COOKED LETTUCE

Very often you will find that you cannot use all your lettuces, that they have begun to bolt and are no good for salad. This is the moment to cook them. Discard any bad leaves and wash the others carefully. Boil them for twelve minutes, take them off the fire, drain them and dry them in a clean cloth so as to get rid of all the water. Mince them finely, then put them into a saucepan with a lump of butter, pepper and salt. Stir till they begin to turn color, then put in a thimbleful of flour melted in milk. Stir constantly, and if the vegetable becomes dry, moisten with more flour and milk. Let it simmer for quarter of an hour, and turn it out as a vegetable with meat.


STUFFED CAULIFLOWER

Pick over a fine cauliflower, and plunge it for a moment in boiling water. Look over it well again and remove any grit or insects. Put it head downwards in a pan when you have already placed a good slice of fat bacon at the bottom and sides. In the holes between the pan and the vegetable put a stuffing of minced meat, with breadcrumbs, yolks of eggs, mushrooms, seasoning of the usual kinds, in fact, a good forcemeat.

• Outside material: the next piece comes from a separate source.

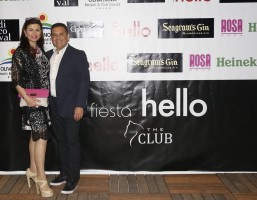 Fiesta Hello Valencia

Press this well in, and pour over it a thin gravy. Let it cook gently, and when the gravy on the top has disappeared put a dish on the top of the saucepan, turn it upside down and slip the cauliflower out. Serve very hot.


GOURMANDS' MUSHROOMS

There was a man in Ghent who loved mushrooms, but he could only eat them done in this fashion. If you said, "Monsieur, will you have them tossed in butter?" he would roar out, "No—do you take me for a Prussian? Let me have them properly cooked."